Ten years after The Big Well opened to the public, the World's Largest Pallasite Meteorite -- discovered by a local farmer with a giant home-built metal detector -- was added to the Well's above-ground gift shop as a bonus attraction.
And that's basically how things stayed until May 4, 2007. That was the day that everything around The Big Well -- not just the gift shop but the entire town -- was blown to smithereens by a mile-wide mega-tornado.
Eleven residents died in the horror, but the below-ground Well suffered minimal damage, and the meteorite was one of the few things that survived obliteration of the gift shop. Greensburg mourned its dead, shook off its dust, and rebuilt itself as a "model green city." And after five years The Big Well reopened, now encircled by a museum dedicated to telling the story of the town and its disaster.
Driving into Greensburg to see The Big Well is an in-your-face reminder that you're in deadly twister territory. The little town is an odd mix of state-of-the-art green buildings and empty lots filled with weedy rubble. The Big Well Museum alone cost $3 million, and was designed as a vortex, with a new spiral staircase for the Well, so that it would suggest a tornado.
On the ground floor, displays recount the history of The Big Well and the giant twister. Vintage Big Well souvenirs -- obviously elsewhere when the storm hit -- are exhibited along with significant debris such as the town's wrecked tornado siren and a clock stopped at the moment that Greensburg was destroyed. The poor meteorite, a star in any other small town, has fallen to a distant third place in the reasons-to-visit-Greensburg museum's hierarchy.

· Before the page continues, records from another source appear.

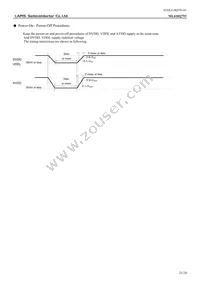 ML610Q793-N01HBZ03B Datasheet Page 21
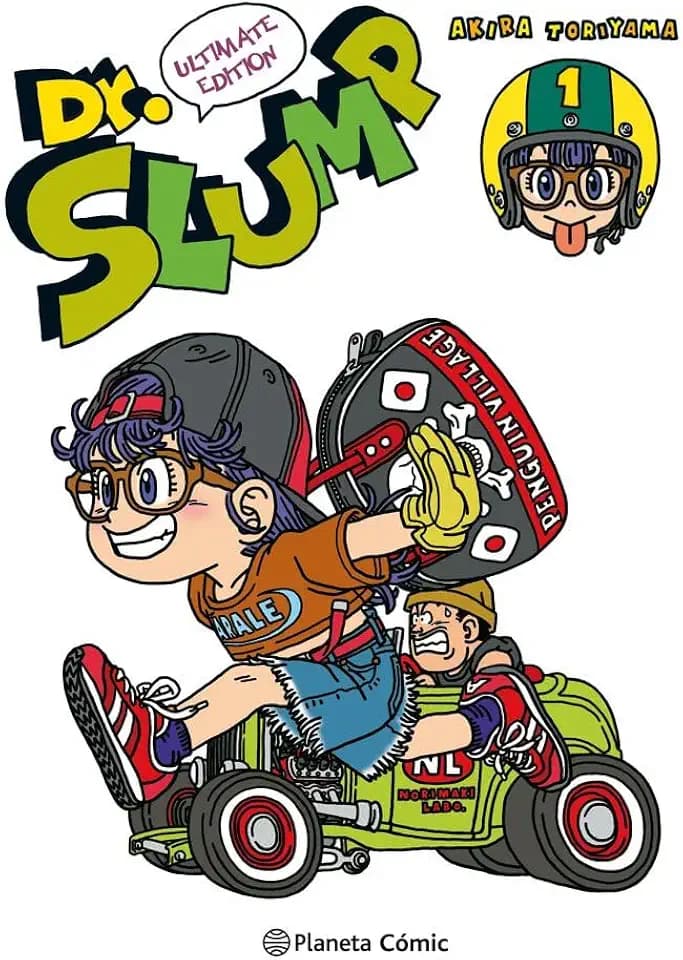 Dr. Slump nº 01/15 (Manga Shonen, Band 1)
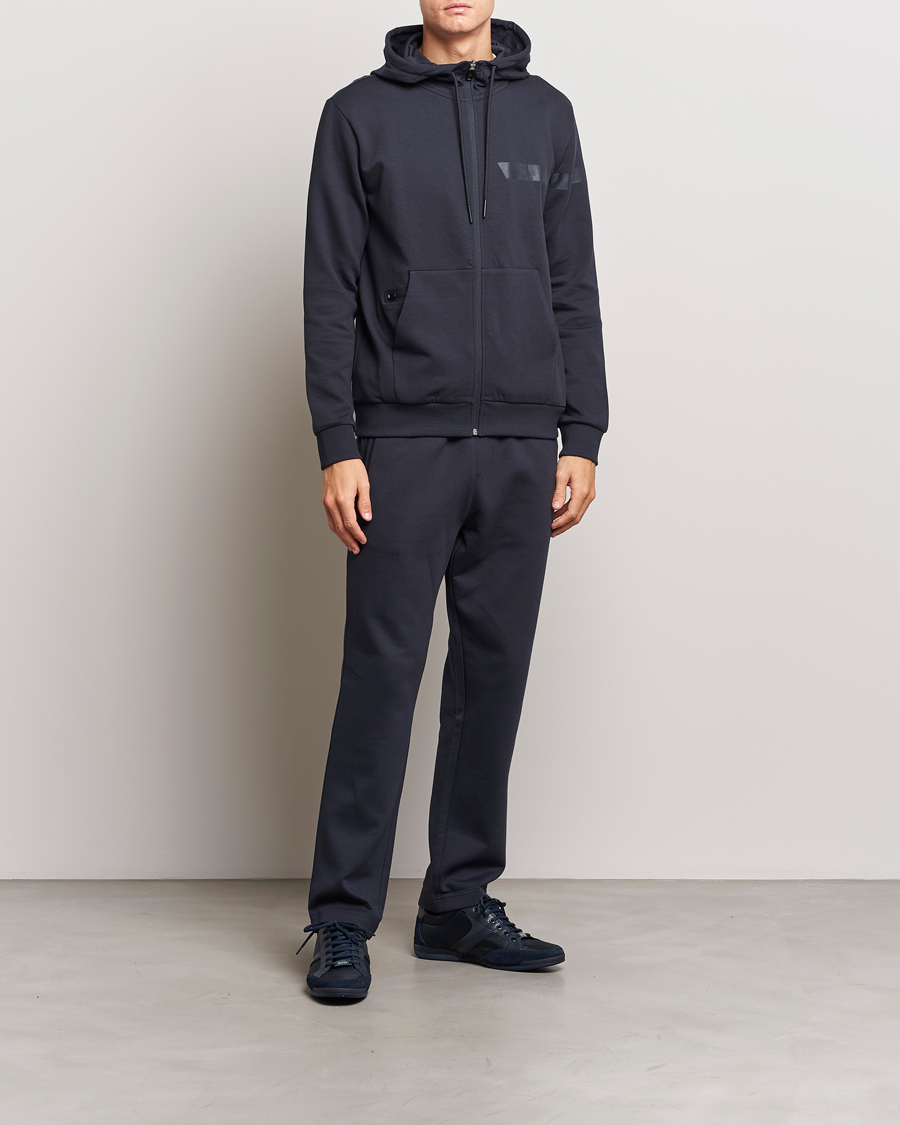 Mies | Housut | BOSS GREEN | Hadim Sweatpants Dark Blue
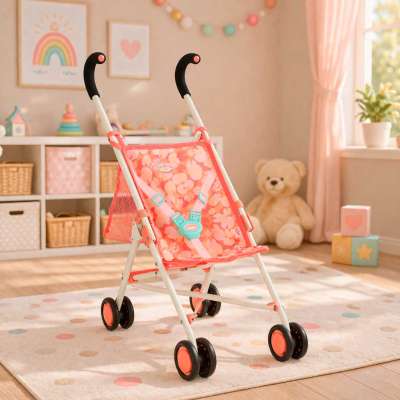 Annabell doll trolley with bag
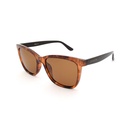 Stiletto Zara C1 Crystal Brown & Black / Brown Polarised Lenses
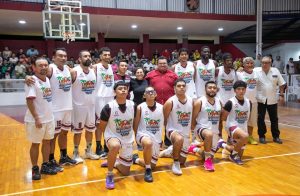 Regresa el básquetbol semiprofesional a Cozumel en el Poliforum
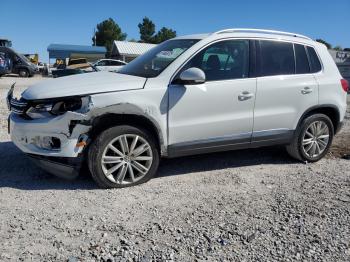  Salvage Volkswagen Tiguan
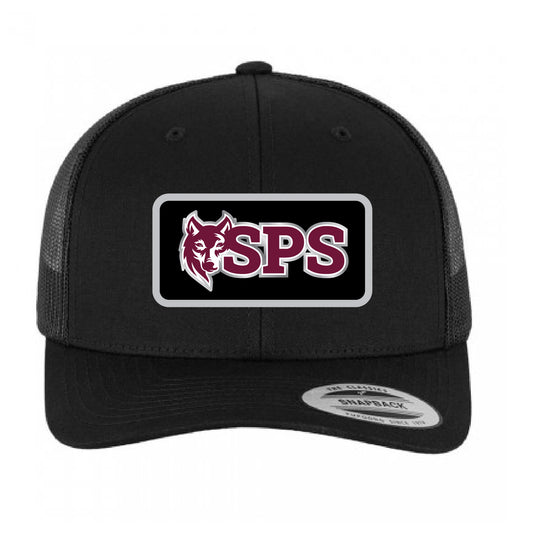 Seven Persons School Patched Trucker Hat (SPSP001-6606)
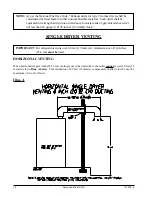 Предварительный просмотр 16 страницы American Dryer Corp. AD-285 Installation Manual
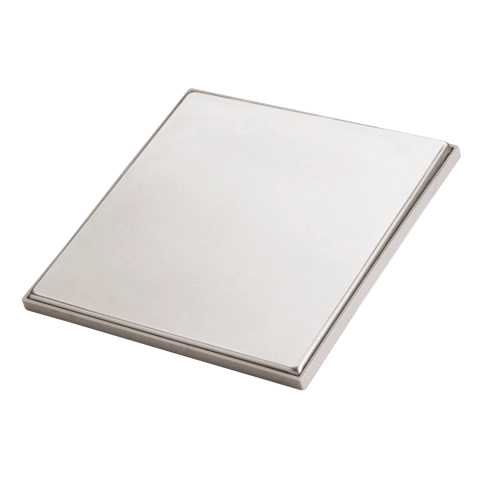 Tampa Cega Quadrada 150mm com Moldura Aço Inox 304 Jackwal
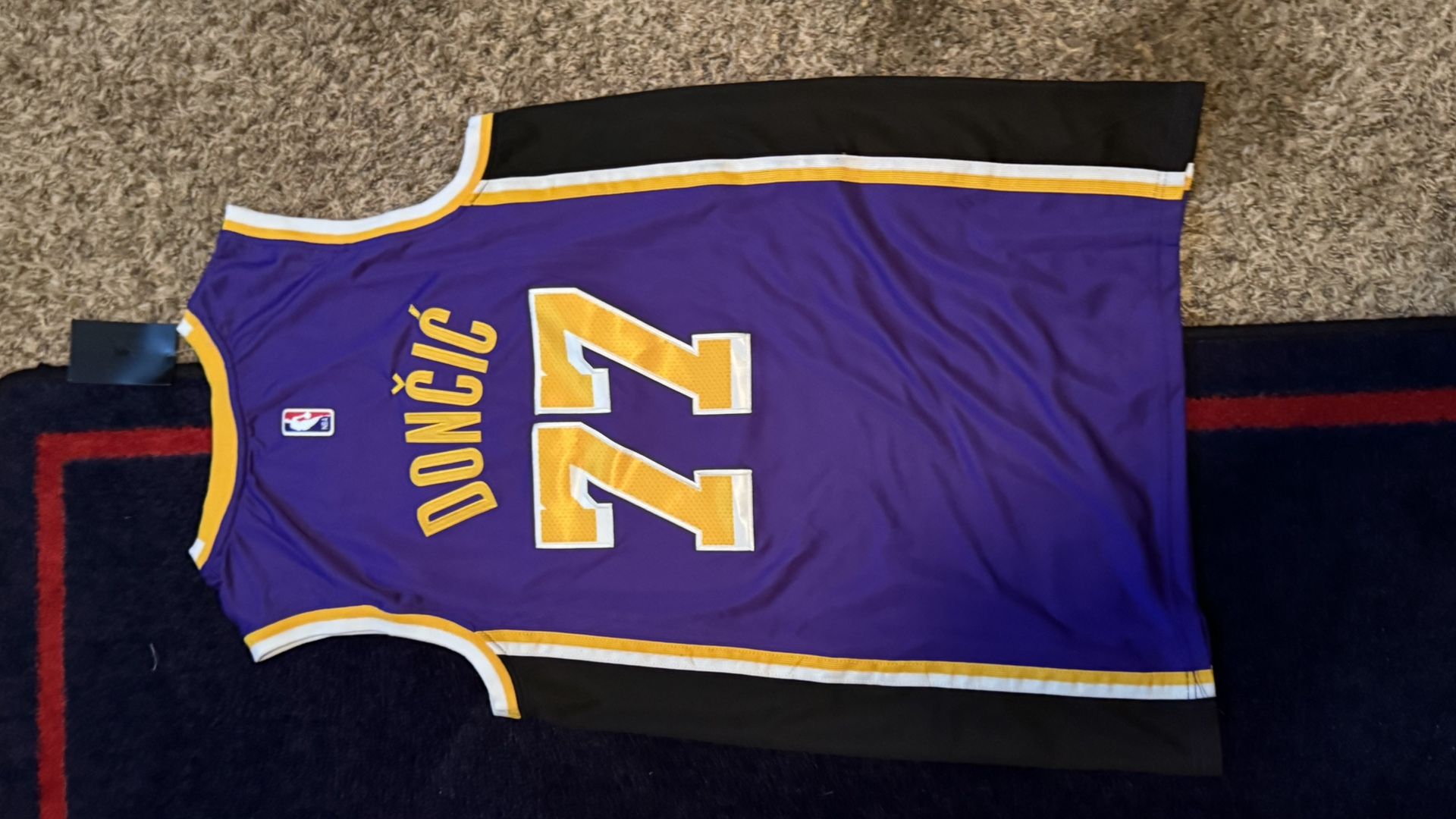 Luka Lakers Stitched XL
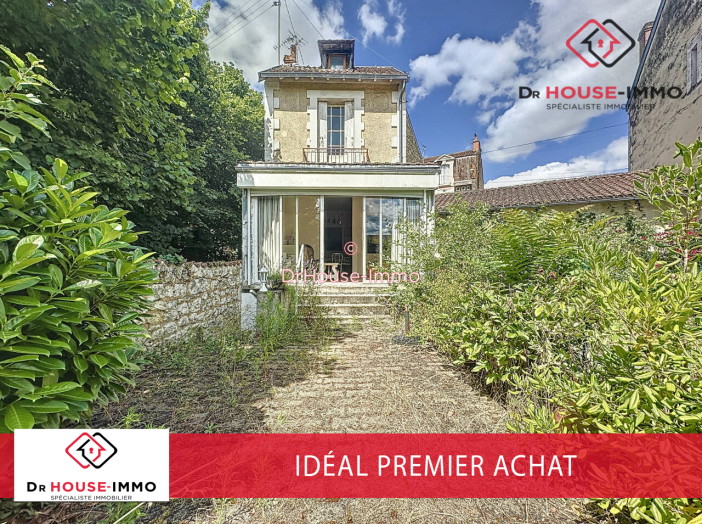 Maison de 90m² - 5 pièces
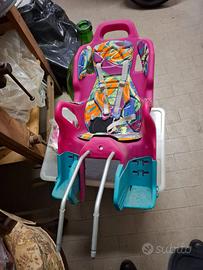 Seggiolino bici
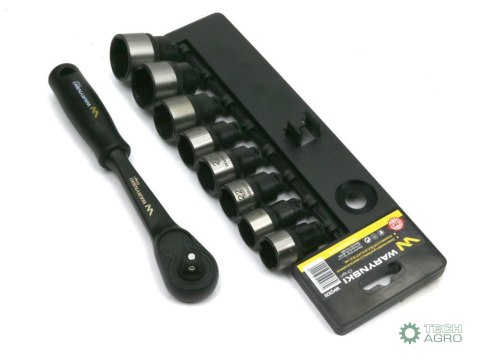 Zestaw L nasadek 1/2 z grzechotką 20 21 22 23 24 27 30 32 mm 9 el Waryński Zestaw L nasadek 1/2 z grzechotką 20 21 22 23 24 27 30 32 mm 9 el Waryński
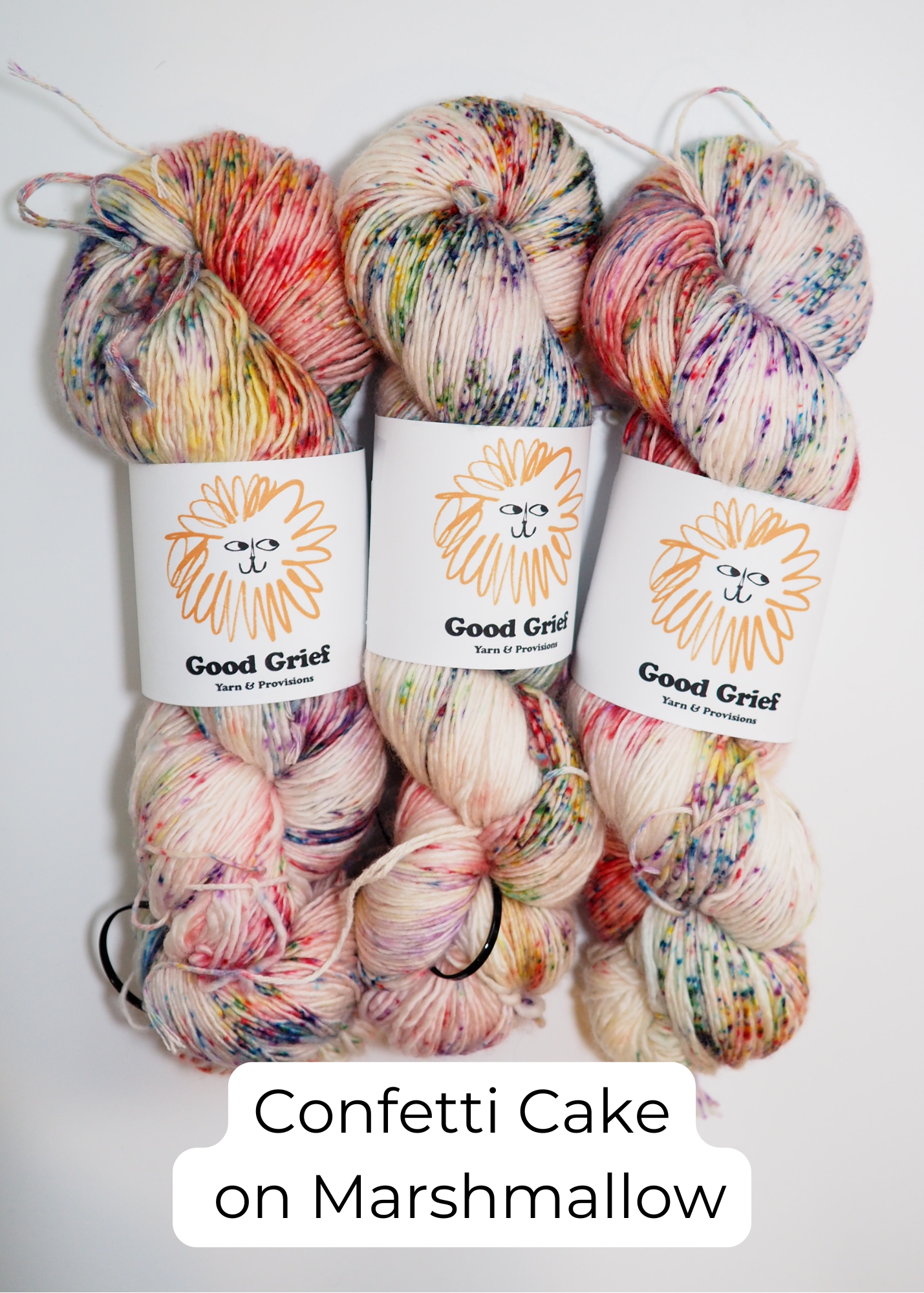 Good Grief Custom Dyes: Marshmallow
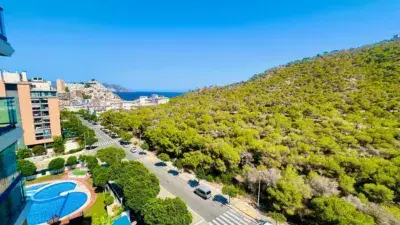 Apartamento en Alquiler Anual Finestrat Vistas al Mar y Montana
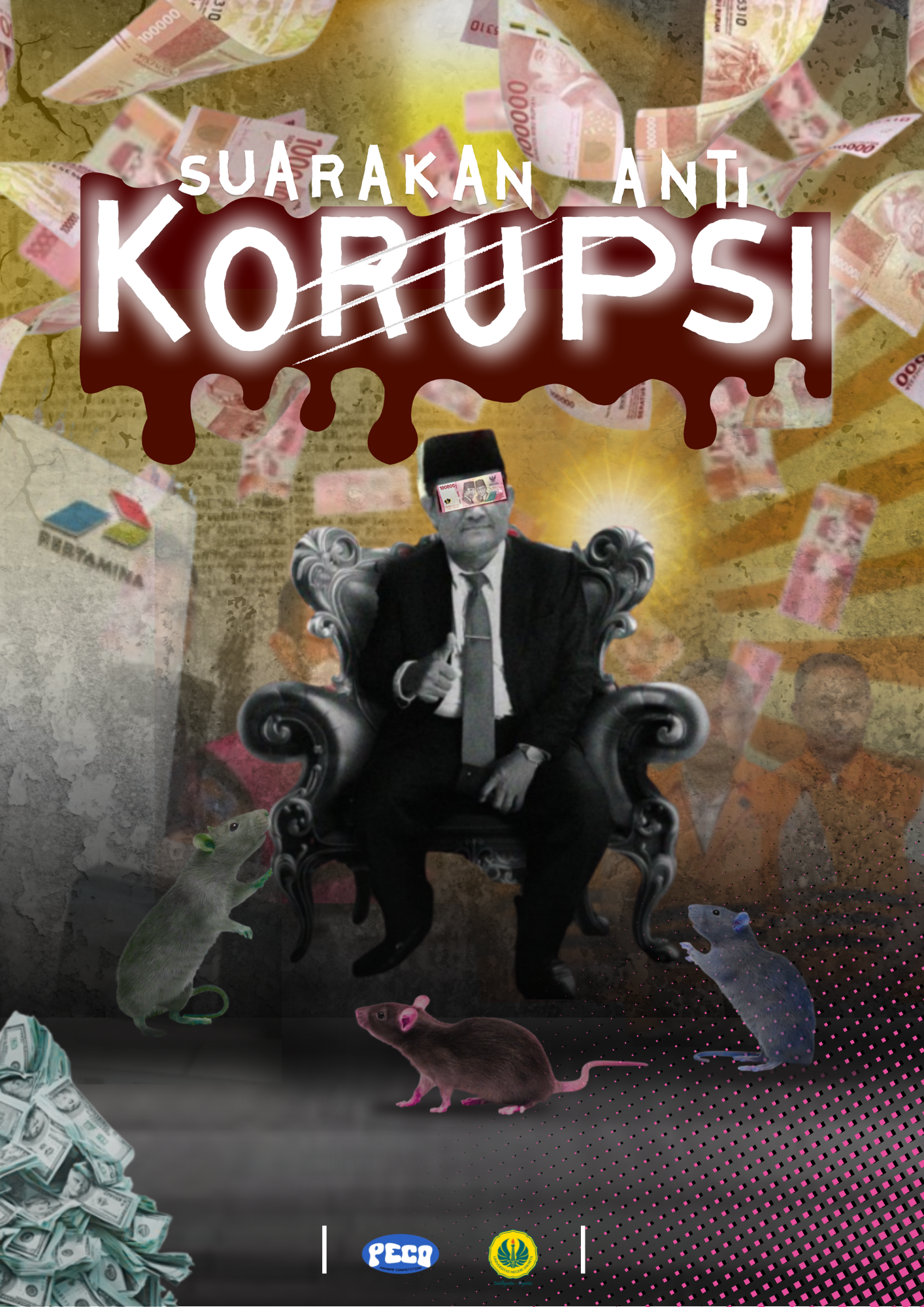 Suarakan anti korupsi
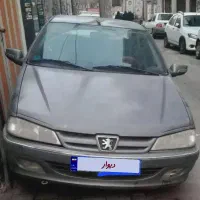 پژو پارس ساده مدل ۸۷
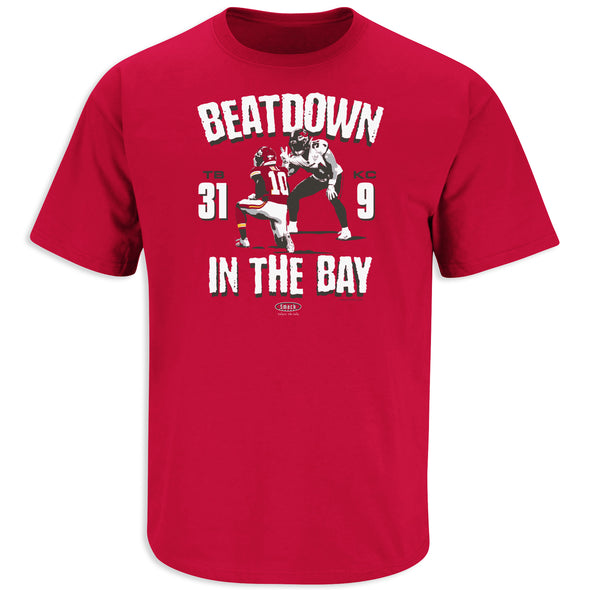 Bucs Super Bowl Champs Shirt Beatdown in the Bay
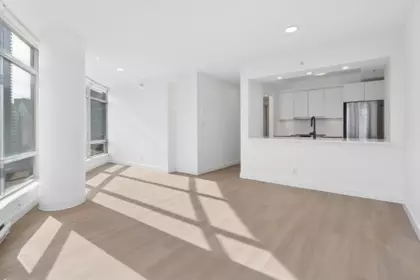 Dining Area Photo of 1506 1288 Alberni Street, Vancouver, BC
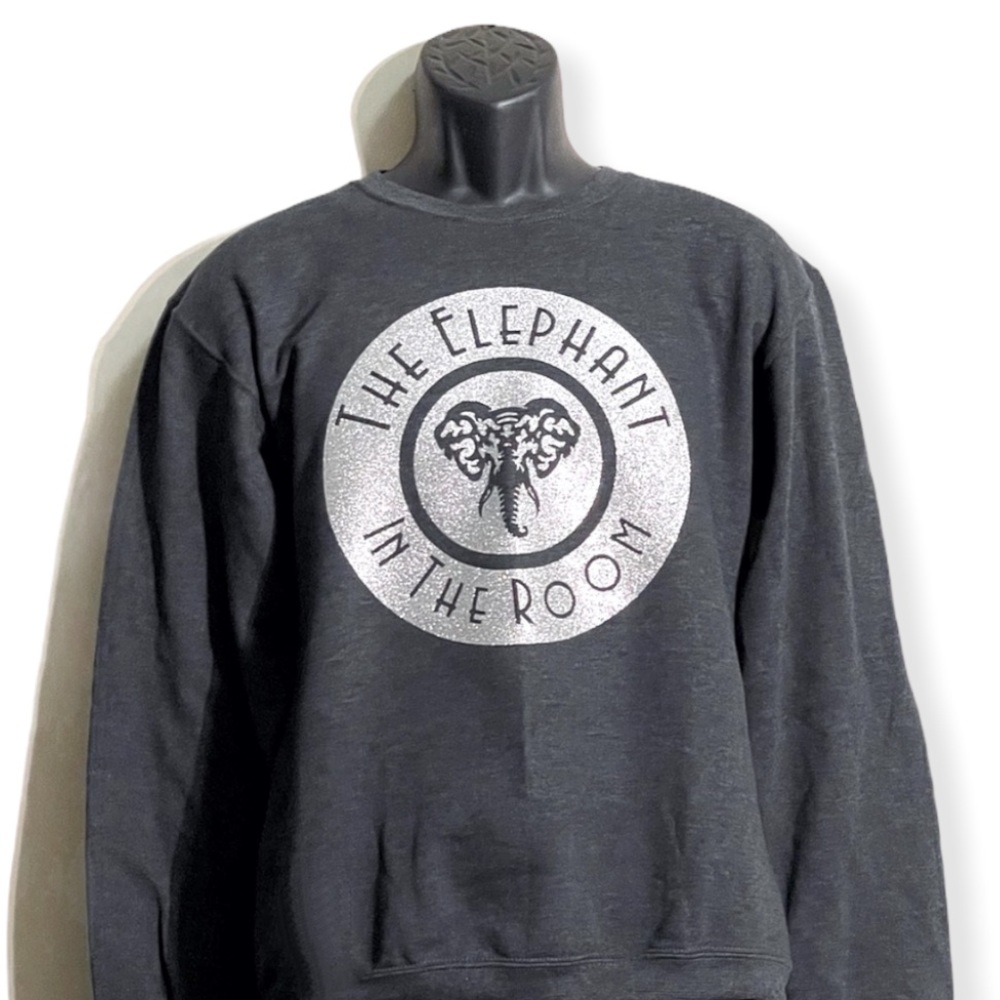 THE ELEPHANT IN THE ROOM SWEATSHIRT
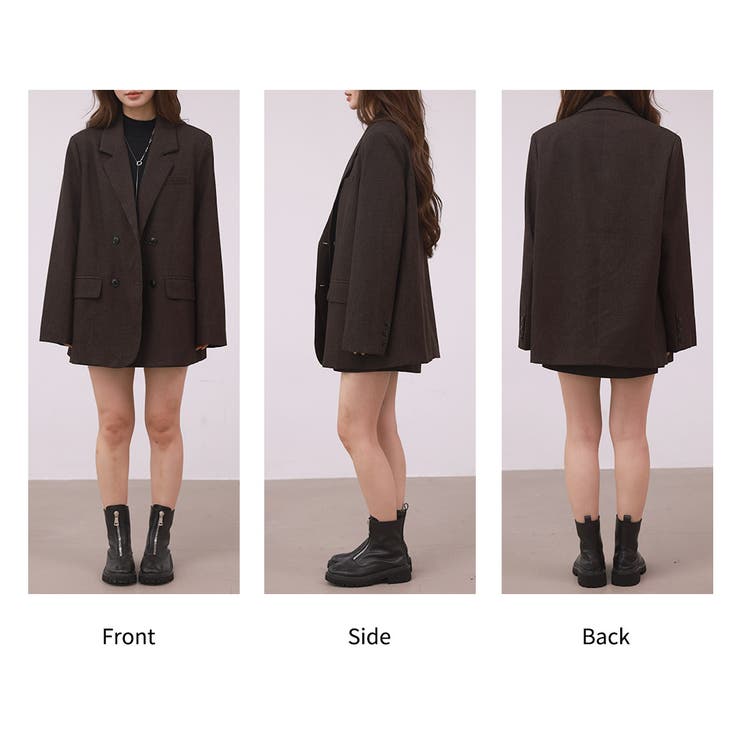 テーラードジャケット 長袖 全3色 | teddyshop | 詳細画像30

Despite the Big Well Museum's new slick and serious veneer, the main attraction remains the odd thrill of walking down into The Big Well. Its interior is cool and humid; its bottom disappears into the local aquifer. Tiny balconies at various points along the spiral staircase allow visitors to lean in and look straight down without risking a fall -- although any dropped smartphones or cameras are goners. The bottom of the Well, as was the case before its remodeling, is littered with loose change. If you lean in too far while standing at the bottom, you may be conked by a penny hurled from above.
In the gift shop, chunks of the Well's old staircase are sold as souvenirs. We remember standing on it during an earlier visit when the town's tornado siren went off -- the same one now displayed in the museum -- echoing weirdly off of the Well's circular stone walls. Back then it turned out to be just a test -- but if another monster tornado does strike Greensburg, there's probably no safer place to be than down in The Big Well.